Do Schieffer and MLB know that McCourt is going to need certain quantities of money from Dodgers revenue to pay his bills within a certain number of days and are waiting for him to default so they have the grounds to declare him an incompetent steward and put the team up for sale?

It would seem so. They would not take over a franchise as they have without more knowledge than they say they have. The key that spurred the takeover seems to have been the necessity of the $30 million loan early in the month. That McCourt used only $20 mill on the team and kept $10 for himself, if he can be believed, which he can't, seems to confirm the conclusion that the Dodger well has been drier than his needs, and that there is a continuing need to suck some big bucks from another source, to pay the bills of both entities, his and the Dodgers. That McCourt has made such a big deal of the Fox contract that has been nixed seems to make it the only source he has. The dam that MLB has put between him and that source seems to hint that they are waiting for a meltdown, either for the team, for which MLB will provide the funds and bill McCourt, or for himself, or both.
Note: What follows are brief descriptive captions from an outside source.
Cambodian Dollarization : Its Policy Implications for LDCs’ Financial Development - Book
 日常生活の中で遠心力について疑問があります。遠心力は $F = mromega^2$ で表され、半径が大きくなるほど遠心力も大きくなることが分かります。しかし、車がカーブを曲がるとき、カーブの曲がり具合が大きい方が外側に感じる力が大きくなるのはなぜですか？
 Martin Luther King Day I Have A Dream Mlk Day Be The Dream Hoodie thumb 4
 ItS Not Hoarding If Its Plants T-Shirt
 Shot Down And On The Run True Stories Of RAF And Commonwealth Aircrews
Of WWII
McCourt may have constructed a Rube Goldberg chart designed to do something along the lines of shuttle money, too much, to him, from the Dodgers, in a way that he wanted to keep undetected. It could be that when the contingent from MLB came to oversee the new security system a few weeks ago, they caught wind of what was going on and reported to Selig they had to strike quickly, to nip McCourt's operation in the bud, to force his debt service system out in the open. Selig announced MLB's takeover within three days of that weekend. Why else would McCourt have set up the elaborate flow chart from one "separate" entity to the other, when simplifying it would have been easier to administer?

@Native Angeleno: As reported by The Times, one of the reasons MLB hasn't approved the Fox contract could be that Jamie hasn't approved it, which makes MLB wary of being drawn into the who-owns-the-Dodgers debacle and makes any talk of MLB trying to squeeze out current ownership very speculative. Why don't we all just focus on what happens on the field and leave the rest alone?

It was a military coup d'etat with LBJ waiting in the wings.

Not saying Schieffer isn't the right man for the job - it appears he is, but does anybody else see the irony of putting a former politician in charge of finances?

and Torre is just smacking his lips there, waiting to get a bite out of this organization.